***This notebook is based on the "Feature Engineering for NLP in Python for ML" course at DataCamp***

The purpose of this code is to indicate 10 films based only on the analysis of the plot made available in the dataset "wikipedia-movie-plots"

Steps for implementation:
1. Import the dataset;

2. Check for plot information on all movies;

3. Apply nlp () to the Plot column - Create tokens from each word;

5. Apply pre-processing for each token;

6. Calculates the importance of each word according to the whole document with TFIDF;

7. Calculate the cosine_similarity between each plot;

8. Create function to list the films with cosine_similarity closest to the calculated value for the chosen film.


Por questão de processamento foi necessário diminuir pela metade o tamanho do dataset escolhido

**Import libraries**

In [1]:
import numpy as np
import pandas as pd
import spacy
from sklearn.feature_extraction.text import TfidfVectorizer
from spacy.lang.en.stop_words import STOP_WORDS
from sklearn.metrics.pairwise import cosine_similarity 

**Import the dataset**

In [2]:
md = pd.read_csv('../input/wikipedia-movie-plots/wiki_movie_plots_deduped.csv')

**Check what is displayed in that database**

In [3]:
md.head()

Unnamed: 0,Release Year,Title,Origin/Ethnicity,Director,Cast,Genre,Wiki Page,Plot
0,1901,Kansas Saloon Smashers,American,Unknown,,unknown,https://en.wikipedia.org/wiki/Kansas_Saloon_Sm...,"A bartender is working at a saloon, serving dr..."
1,1901,Love by the Light of the Moon,American,Unknown,,unknown,https://en.wikipedia.org/wiki/Love_by_the_Ligh...,"The moon, painted with a smiling face hangs ov..."
2,1901,The Martyred Presidents,American,Unknown,,unknown,https://en.wikipedia.org/wiki/The_Martyred_Pre...,"The film, just over a minute long, is composed..."
3,1901,"Terrible Teddy, the Grizzly King",American,Unknown,,unknown,"https://en.wikipedia.org/wiki/Terrible_Teddy,_...",Lasting just 61 seconds and consisting of two ...
4,1902,Jack and the Beanstalk,American,"George S. Fleming, Edwin S. Porter",,unknown,https://en.wikipedia.org/wiki/Jack_and_the_Bea...,The earliest known adaptation of the classic f...


In [4]:
md.describe()

Unnamed: 0,Release Year
count,34886.0
mean,1981.314252
std,27.815174
min,1901.0
25%,1957.0
50%,1988.0
75%,2007.0
max,2017.0


Select the 'Plot' column

In [5]:
md_plot = md['Plot']

In [6]:
md_plot.head()

0    A bartender is working at a saloon, serving dr...
1    The moon, painted with a smiling face hangs ov...
2    The film, just over a minute long, is composed...
3    Lasting just 61 seconds and consisting of two ...
4    The earliest known adaptation of the classic f...
Name: Plot, dtype: object

Verify if there is any missing value in 'Plot' column

In [7]:
md_nan = md_plot.isna()
md_nan.sum()

0

**Pre-processing of the text**

Pre-processing using SPACY library

In [8]:
nlp = spacy.load('en_core_web_sm') 

In [9]:
doc = nlp(md_plot[0]) 
print(doc) 

A bartender is working at a saloon, serving drinks to customers.

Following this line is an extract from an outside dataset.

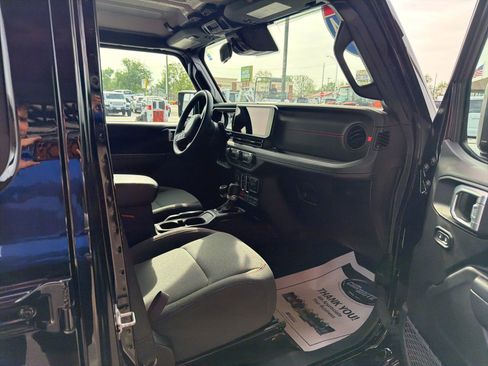 Used 2024 Jeep Wrangler Unlimited Rubicon w/ XTREMEE 35" Tire Package image 6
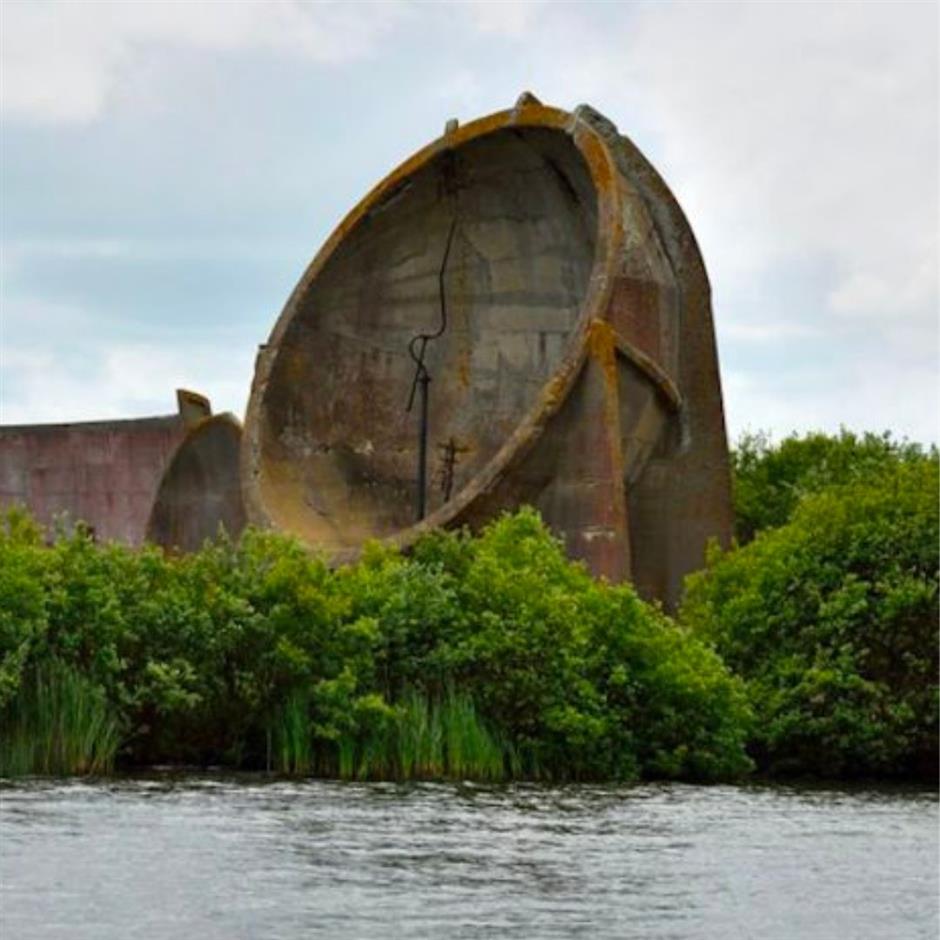 Hanna Tuulikki Performance: Sound Mirrors at RSPB Denge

After he fills a stereotypically Irish man's bucket with beer, Carrie Nation and her followers burst inside. They assault the Irish man, pulling his hat over his eyes and then dumping the beer over his head. The group then begin wrecking the bar, smashing the fixtures, mirrors, and breaking the cash register. The bartender then sprays seltzer water in Nation's face before a group of policemen appear and order everybody to leave.[1]


In [10]:
lemmas = [token.lemma_ for token in doc] 
print(lemmas)

['a', 'bartender', 'be', 'work', 'at', 'a', 'saloon', ',', 'serve', 'drink', 'to', 'customer', '.', 'after', '-PRON-', 'fill', 'a', 'stereotypically', 'irish', 'man', "'s", 'bucket', 'with', 'beer', ',', 'Carrie', 'Nation', 'and', '-PRON-', 'follower', 'burst', 'inside', '.', '-PRON-', 'assault', 'the', 'irish', 'man', ',', 'pull', '-PRON-', 'hat', 'over', '-PRON-', 'eye', 'and', 'then', 'dump', 'the', 'beer', 'over', '-PRON-', 'head', '.', 'the', 'group', 'then', 'begin', 'wreck', 'the', 'bar', ',', 'smash', 'the', 'fixture', ',', 'mirror', ',', 'and', 'break', 'the', 'cash', 'register', '.', 'the', 'bartender', 'then', 'spray', 'seltzer', 'water', 'in', 'Nation', "'s", 'face', 'before', 'a', 'group', 'of', 'policeman', 'appear', 'and', 'order', 'everybody', 'to', 'leave.[1', ']']


In [11]:
a_lemmas = [lemma for lemma in lemmas 
            if lemma.isalpha() or lemma not in STOP_WORDS] 

print(a_lemmas)

['a', 'bartender', 'be', 'work', 'at', 'a', 'saloon', ',', 'serve', 'drink', 'to', 'customer', '.', 'after', '-PRON-', 'fill', 'a', 'stereotypically', 'irish', 'man', 'bucket', 'with', 'beer', ',', 'Carrie', 'Nation', 'and', '-PRON-', 'follower', 'burst', 'inside', '.', '-PRON-', 'assault', 'the', 'irish', 'man', ',', 'pull', '-PRON-', 'hat', 'over', '-PRON-', 'eye', 'and', 'then', 'dump', 'the', 'beer', 'over', '-PRON-', 'head', '.', 'the', 'group', 'then', 'begin', 'wreck', 'the', 'bar', ',', 'smash', 'the', 'fixture', ',', 'mirror', ',', 'and', 'break', 'the', 'cash', 'register', '.', 'the', 'bartender', 'then', 'spray', 'seltzer', 'water', 'in', 'Nation', 'face', 'before', 'a', 'group', 'of', 'policeman', 'appear', 'and', 'order', 'everybody', 'to', 'leave.[1', ']']


In [12]:
print(' '.join(a_lemmas))

a bartender be work at a saloon , serve drink to customer . after -PRON- fill a stereotypically irish man bucket with beer , Carrie Nation and -PRON- follower burst inside . -PRON- assault the irish man , pull -PRON- hat over -PRON- eye and then dump the beer over -PRON- head . the group then begin wreck the bar , smash the fixture , mirror , and break the cash register . the bartender then spray seltzer water in Nation face before a group of policeman appear and order everybody to leave.[1 ]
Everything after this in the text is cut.